#### PROBLEM DETAILS
Write out each entry below exactly; the images do not belong in your copy.

#### DATA SHOWN
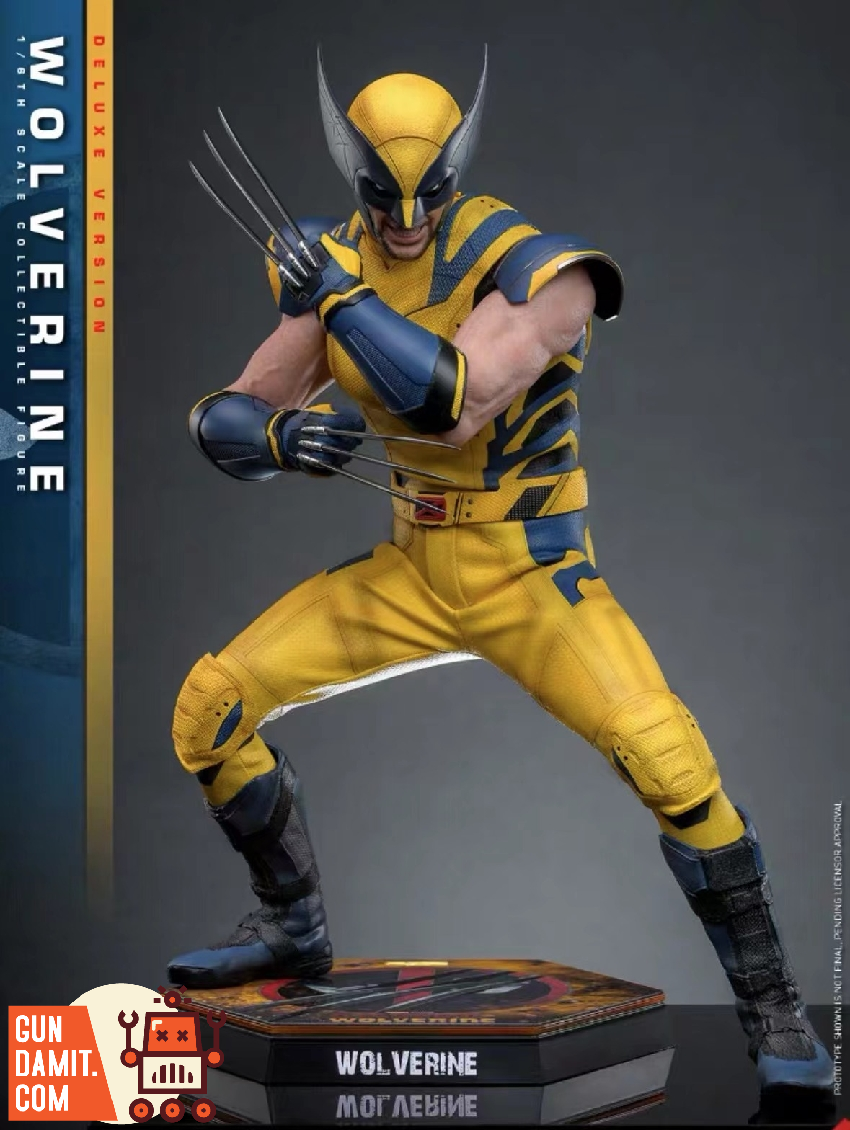 Hot Toys 1/6 MMS753 Deadpool & Wolverine Wolverine Standard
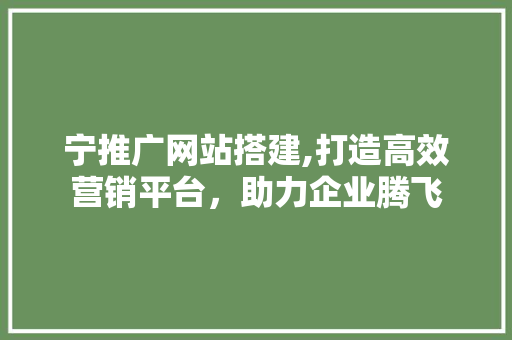 宁推广网站搭建,打造高效营销平台，助力企业腾飞 宁推广网站搭建,打造高效营销平台，助力企业腾飞 必应SEO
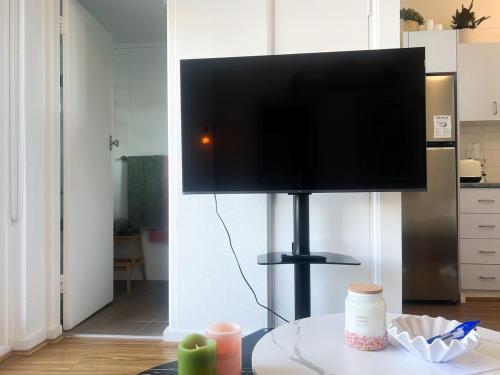 Μια τηλεόραση ή/και κέντρο ψυχαγωγίας στο Cozy Studio in Central Glebe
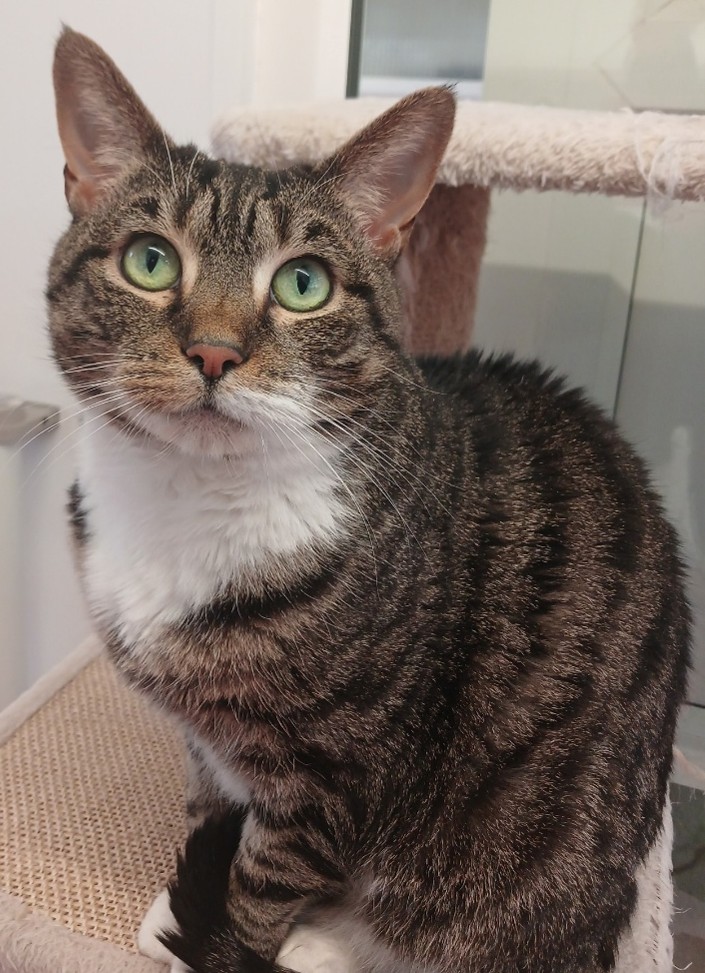Adoptable cat at Pennine Pen Animal Rescue in Manchester, UK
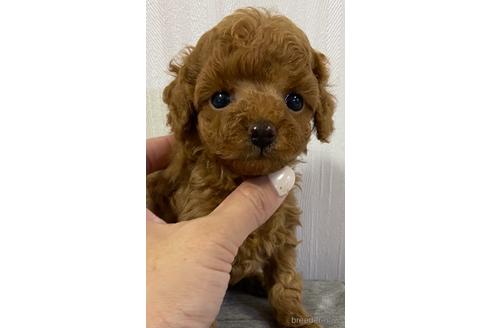 成約済の岡山県のティーカッププードル-150969の6枚目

#### ANSWER TO THE PROBLEM
 Hot Toys 1/6 MMS753 Deadpool & Wolverine Wolverine Standard
 宁推广网站搭建,打造高效营销平台，助力企业腾飞 宁推广网站搭建,打造高效营销平台，助力企业腾飞 必应SEO
 Μια τηλεόραση ή/και κέντρο ψυχαγωγίας στο Cozy Studio in Central Glebe
Adoptable cat at Pennine Pen Animal Rescue in Manchester, UK
 成約済の岡山県のティーカッププードル-150969の6枚目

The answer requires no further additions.